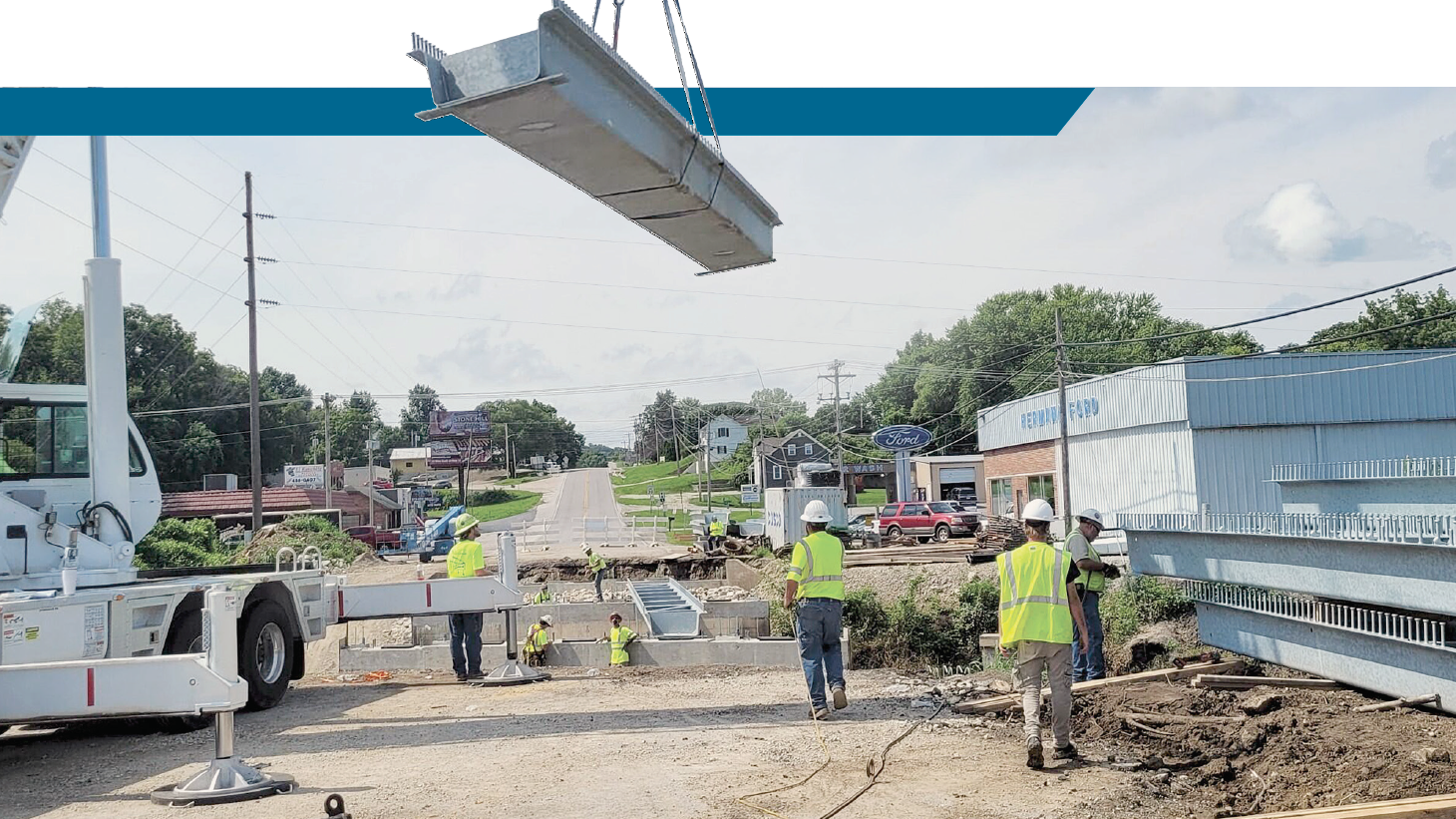 Valmont U Beam - Hermann, Missouri Press Brake steel tub girder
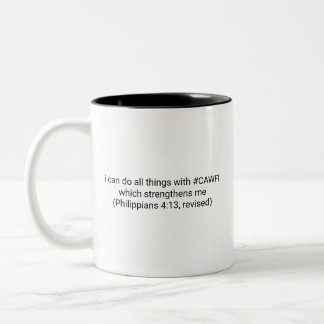 Em Dois Tons Caneca de Café Divertida e Inspiradora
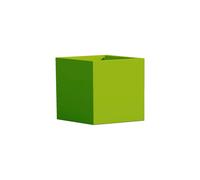 Vaso in resina cubico CUBE altezza cm. 40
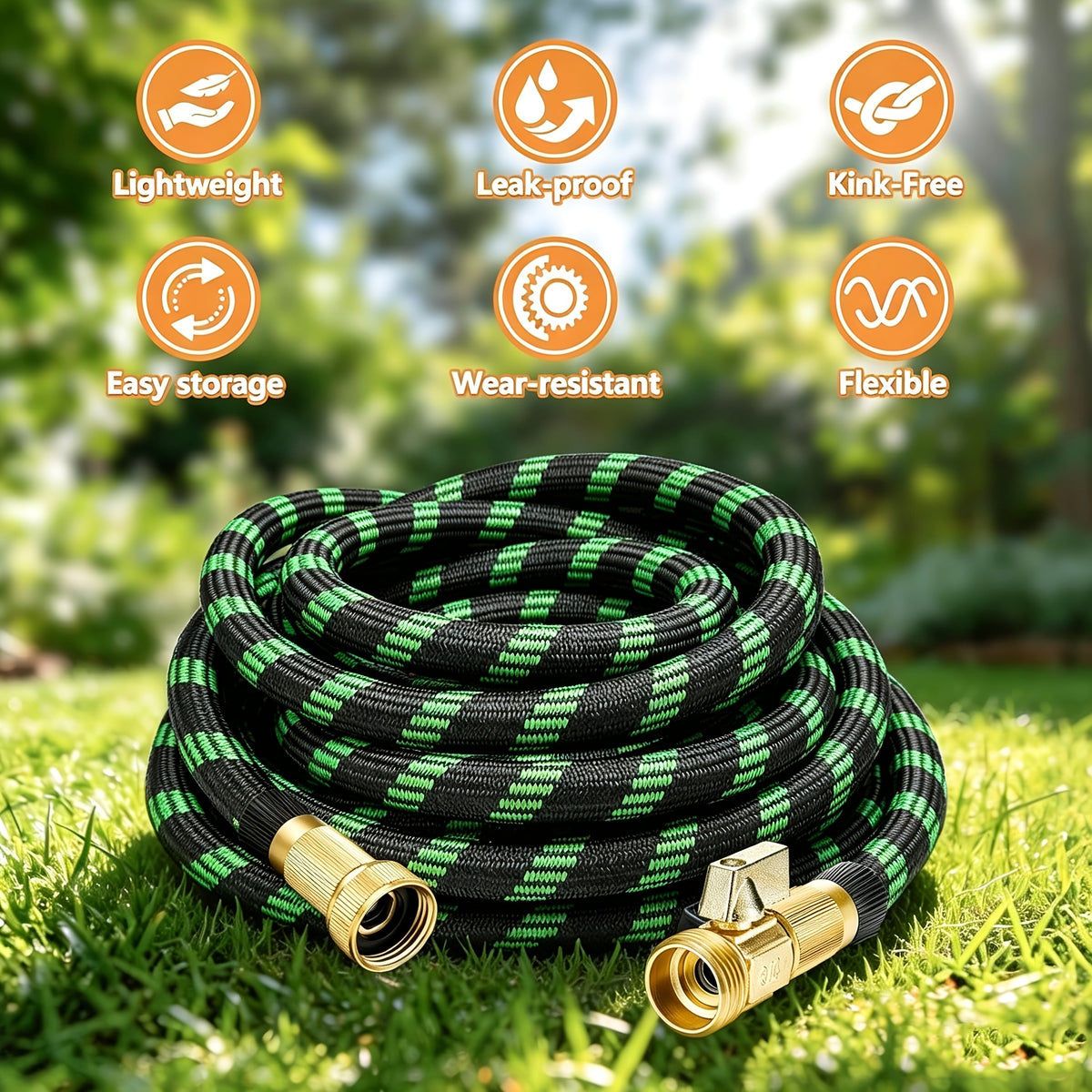 garden hose 100ft 150ft 75ft 50ft 25ft 15ft 10ft 10 function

- Task instructions: Every line of the material should be repeated precisely; pictures are to be excluded.

- Written reply:
 Valmont U Beam - Hermann, Missouri Press Brake steel tub girder
 Em Dois Tons Caneca de Café Divertida e Inspiradora
 Vaso in resina cubico CUBE altezza cm. 40
 garden hose 100ft 150ft 75ft 50ft 25ft 15ft 10ft 10 function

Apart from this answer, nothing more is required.